Actors playing statues.

Actors playing statues.

I was watching the original version of The Day the Earth Stood Still (1951) again the other day, and was struck by the scene in which Bobby takes Klaatu to the Lincoln Memorial.

The shot above begins with Klaatu looking just past the camera, indeed almost at the camera, as he marvels at the words inscribed on the wall behind us; and then he turns around so that we see the back of his head as he looks at the statue of Lincoln; and then he turns his head halfway back to the camera, so that we see his face in profile just as we see Lincoln’s face in profile; and then, finally, he turns his head away from us again, and he walks away from us, out of the shot.

I don’t think it’s stretching things too much to suggest that the filmmakers wanted us to notice a resemblance between Klaatu and Lincoln here. Note, for example, how Bobby’s upward gaze seems to direct our own eyes to both faces simultaneously. Klaatu is, in many ways, a Christ-figure — one of the classic alien messiahs — and it just so happens that Abraham Lincoln has long functioned as a sort of Christ-figure within American mythology, as well. So it makes sense that the filmmakers might have suggested, visually, some sort of bond or link between the two.
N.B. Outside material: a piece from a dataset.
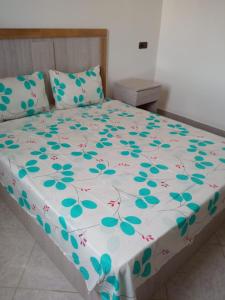 ein Bett mit einer weißen Bettdecke und blauen Blumen darauf in der Unterkunft Appartements ESSALAM 1 in El Aaiún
Watching the scene above, I was also reminded of The Ten Commandments (1956), and how Cecil B. DeMille hired Charlton Heston to play the lead partly because Heston’s nose resembled that of a famous statue of Moses sculpted by Michelangelo. And that’s not just speculation on my part; DeMille himself made the resemblance one of his selling points in the film’s original trailer:

For what it’s worth, some scholars have also speculated that the final image of Moses in that film — which appears right after his wife tells him he is “God’s torch that lights the way to freedom,” and right after he tells Joshua to “proclaim liberty throughout all the lands” (a significantly tweaked version of a line from Leviticus that appears on the Liberty Bell in Philadelphia) — is meant to evoke parallels to the Statue of Liberty. But in this case, of course, we don’t have the actor standing next to the statue itself:

What other examples are there of this sort of thing, I wonder?